In the records below, the lines between the one holding "Mayan Bronze Metallic" and the one holding "後掩蔽 Hand Scroll", inclusive, are to be transcribed exactly; no pictures are to be included.
*** Opening Material for this exercise ***
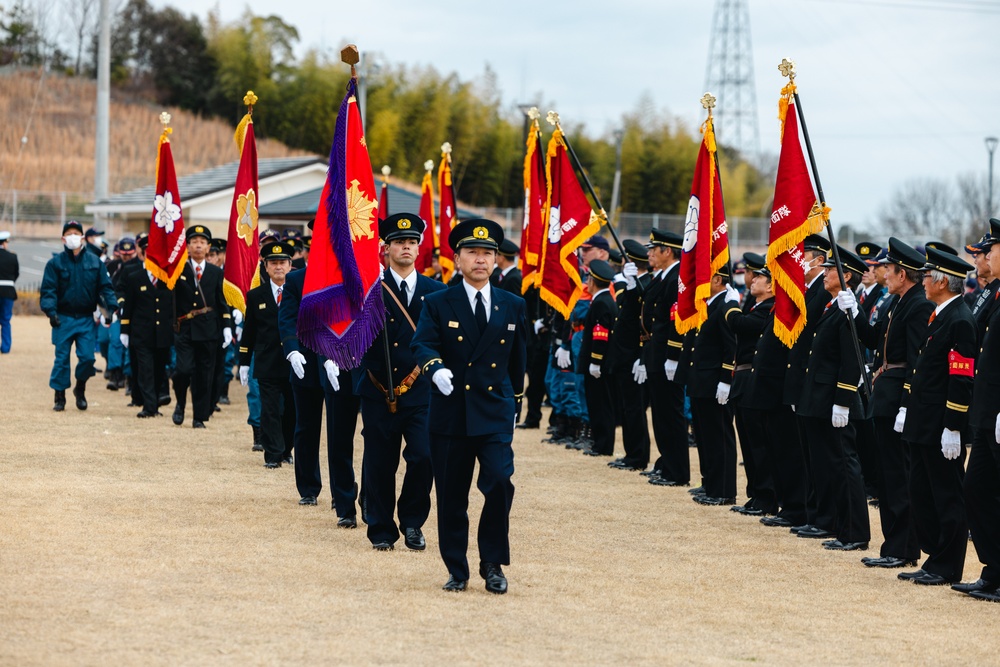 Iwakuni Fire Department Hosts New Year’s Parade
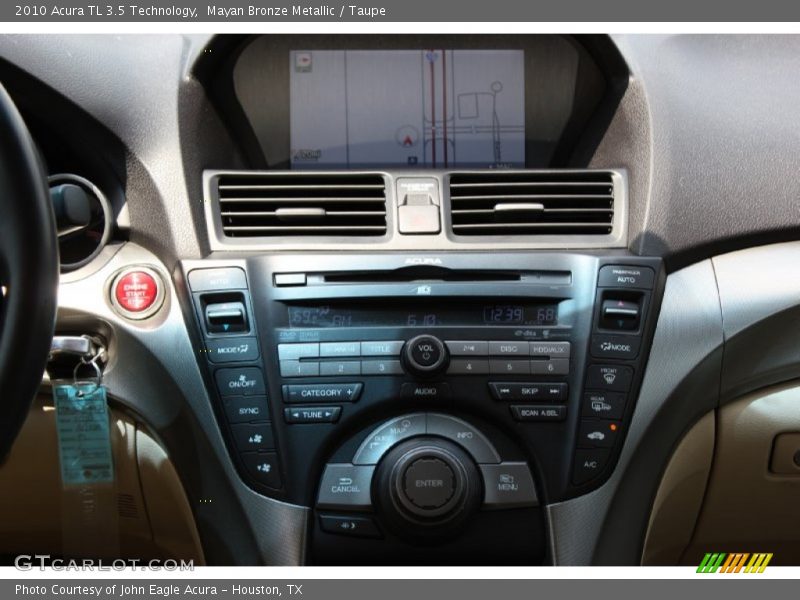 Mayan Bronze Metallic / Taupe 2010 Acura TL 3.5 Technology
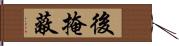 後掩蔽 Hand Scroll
*** Closing Material for this exercise ***
*** Opening Material for this exercise ***
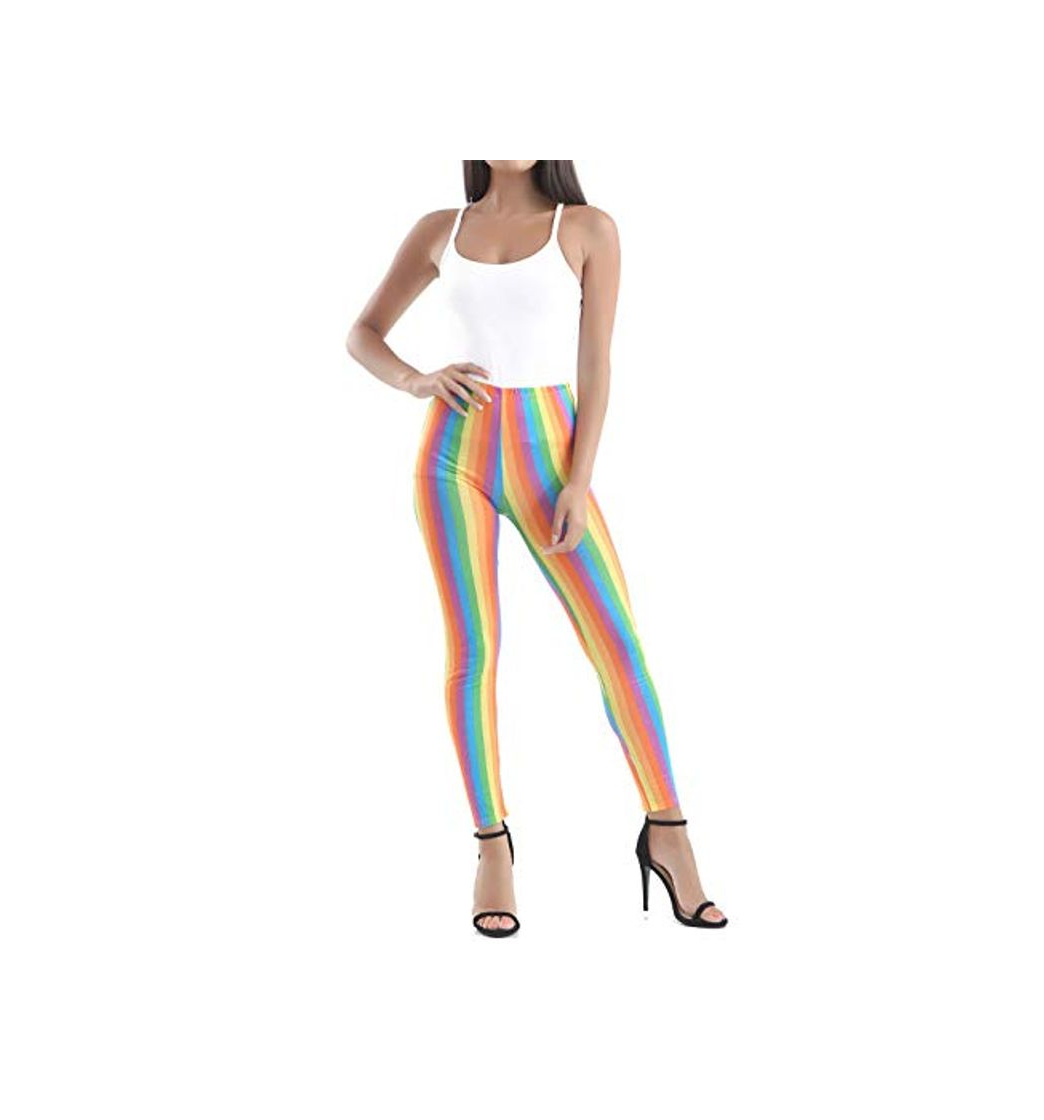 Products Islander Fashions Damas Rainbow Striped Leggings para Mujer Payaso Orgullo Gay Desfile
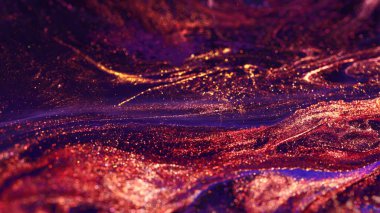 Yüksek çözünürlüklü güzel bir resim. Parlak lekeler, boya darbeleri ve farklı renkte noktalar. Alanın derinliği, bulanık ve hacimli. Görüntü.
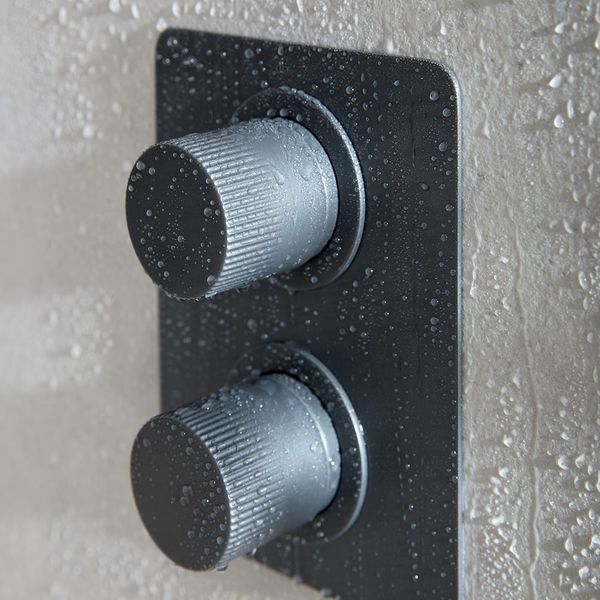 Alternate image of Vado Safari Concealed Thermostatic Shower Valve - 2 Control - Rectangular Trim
*** Closing Material for this exercise ***
(Exercise solution)
 Mayan Bronze Metallic / Taupe 2010 Acura TL 3.5 Technology
 後掩蔽 Hand Scroll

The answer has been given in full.